Let’s jump to the workhorse of the Tube Jig series, the one-eighth, one quarter, and three-eighths weights.  These are the sizes needed to fish the three to four inch tubes that will catch nearly any of the larger gamefish from Bass to Walleyes, to Pike to Great Lakes Trout and Salmon.  All of the weights are designed to accept hooks from 1/0 to 3/0.  The 1/0 should be used for two and one-half inch tubes.  The 2/0 and 3/0 hooks should be used for three inch tubes.  The four inch tubes need a 3/0 hook.  This flexibility allows you to cast a variety of weights and hook sizes to fit an array of tubes and fishing conditions.  Tube-M is the standard straight tube body in all three sizes.  Tube-TC makes five sizes within that range but features the tapered speed loading body.  These all take the standard 90 degree hook.

The Tube-TX is a twist on that.  It takes the 60 degree 410 or 413 hook.  This hook changes the action of the tube lure and makes it more weedless too.  I’d highly recommend this one for flipping under docks or dragging the bottom to simulate crawfish.  

Speaking of a twist, let’s talk about the Tube-G.  The Tube-G head also features a barbed collar to add a twister tail to the inside of the tube.  It’s the best of both worlds and a great bait to fish as a swim-bait.  Even if you don’t want to add a twister, the Tube-G mold also makes the two heaviest heads in the Do-It tube lure line up.  This one will make some one-half and three-quarter ounce heads for deep action or strong currents.  This head is very popular with fishermen seeking deep water Lake Trout whether its open water or through the ice.  Tubes can be fished vertically and have a great sweeping and searching action covering a six to eight foot radius.

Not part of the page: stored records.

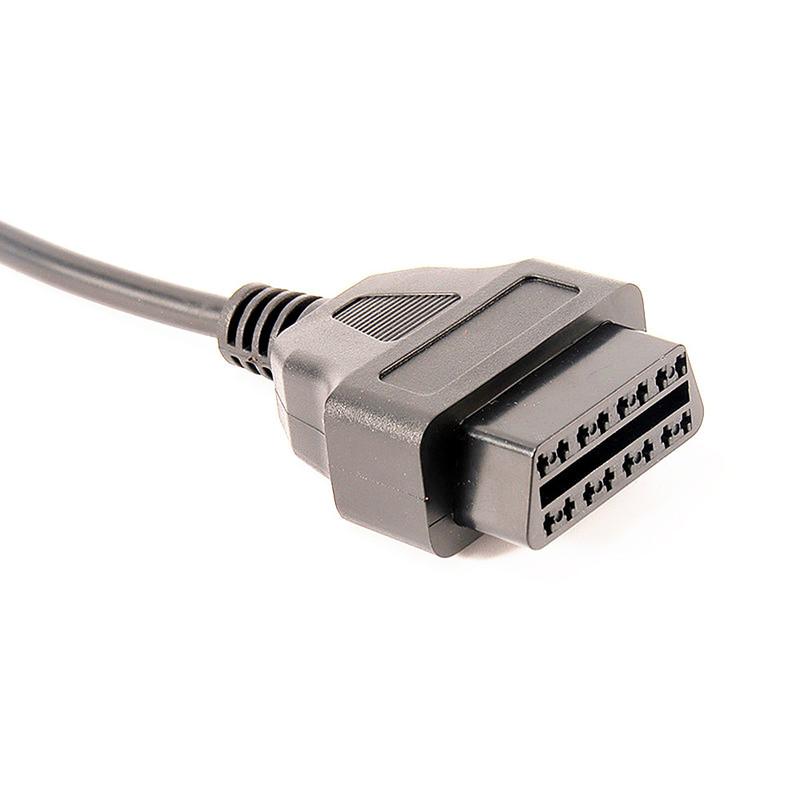 OBD2 Adapter for GM 12 pin Male Connector to OBD2 16 Pin Female Connector OBD Extension Diagnostic Cable for GM Vehicles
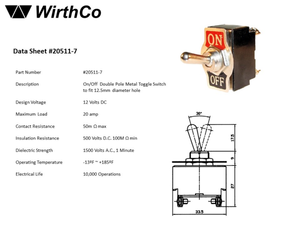 Wirthco 20511 Multi Purpose Switch||20511_1.Png||86||w4820511||1172925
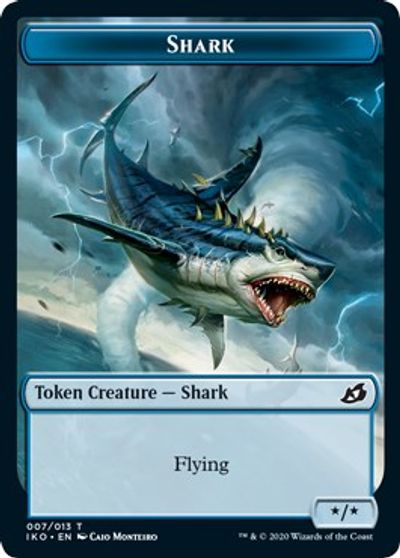 Pegasus // Shark Double-Sided Token [Challenger Decks 2021 Tokens] Magic: The Gathering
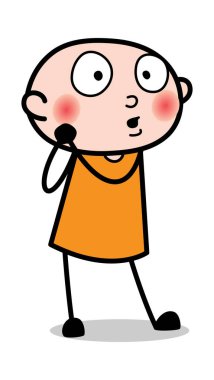 Sevgi dolu Ifade-karikatür hırsız ceza adam vektör ıllustrati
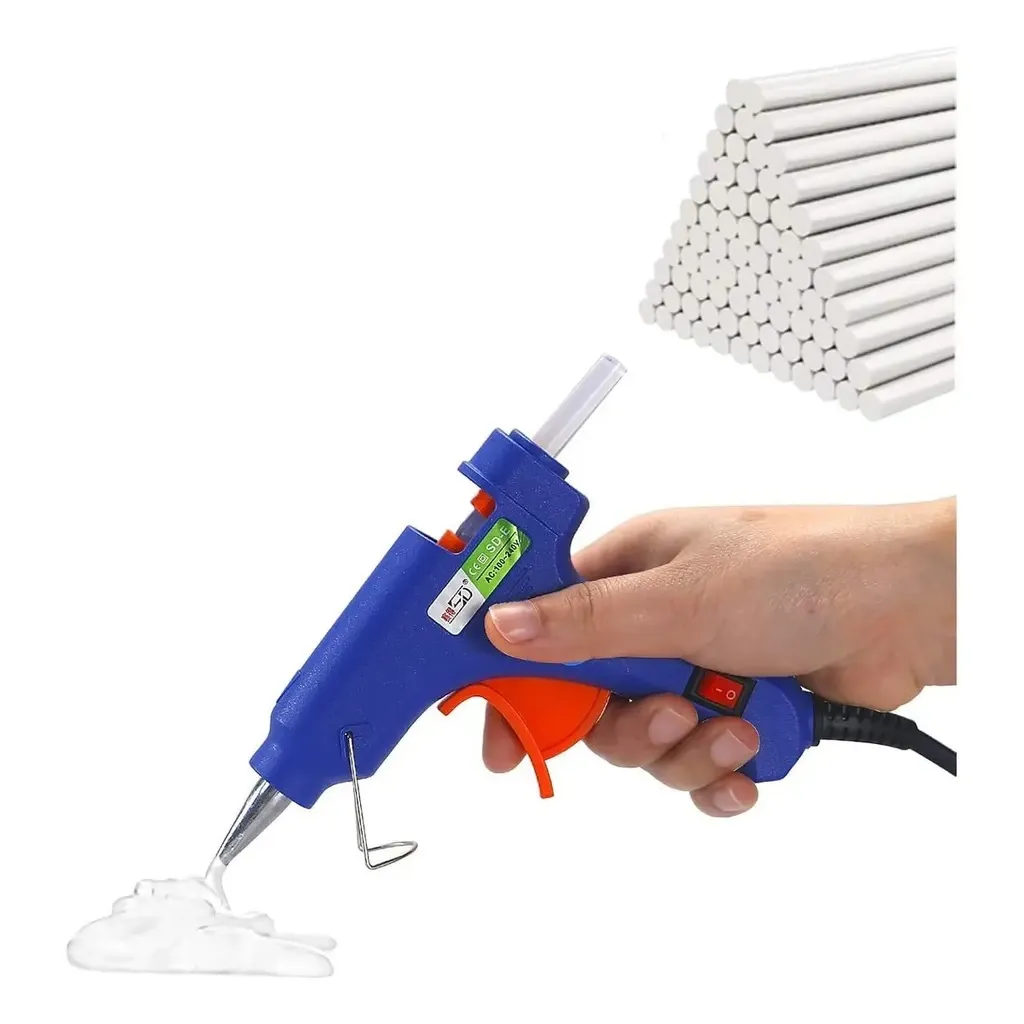 Pistola encoladora p/ barra de silicona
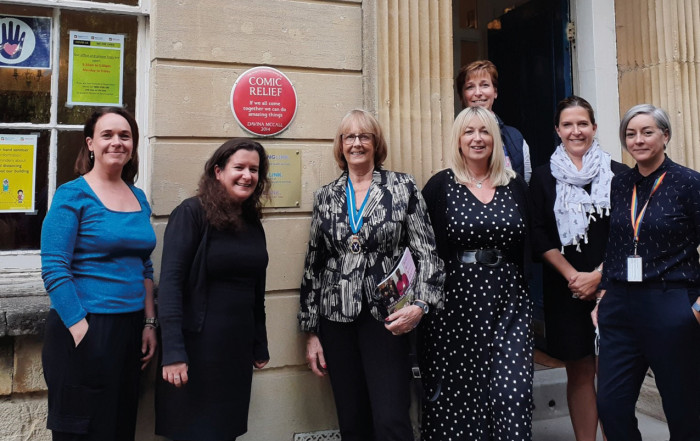 Bristol’s High Sheriff, Susan Davies, visits Next Link to talk about the positive impact partnership working can have on children and adults who have survived sexual and domestic abuse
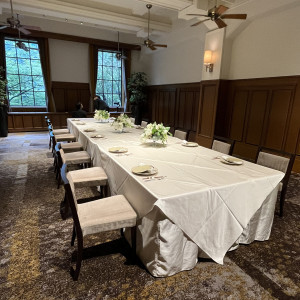 一番小さいサイズの披露宴会場。|773579さんのTHE CONDER HOUSE（ザ・コンダーハウス）の写真(2550418)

Here again, these above-mentioned molds can be slightly modified to take a heaver hook like the 630 or 635.  This is required for use on bigger Pike, Muskies, and Great Lakes Trout and Salmon.  Those of you that fish the Great Lakes will want to discover the 3 to 4 inch pearl tube.  It is an awesome trout and salmon bait.

The one thing I would like to cover is scent.  The tube lure is the perfect vessel to add scent.  Thick scents like Pro-Cure Sticky Gel can be squirted into the cavity and last up to a half hour or more.  For thinner scents, add a little chenille or pipe cleaner to the shank to soak up the juices.  There are a lot of different scents available to match nearly any hatch.  Plain garlic or cod liver oil can be good for nearly anything.

Tubes have withstood the test of time.  After thirty years, this lure has caught nearly anything that swims.  With this great variety of Do-It Molds, you can produce nearly any head needed to fish this great lure most efficiently.  And as always, you can’t beat catching a fish on a lure that you made yourself.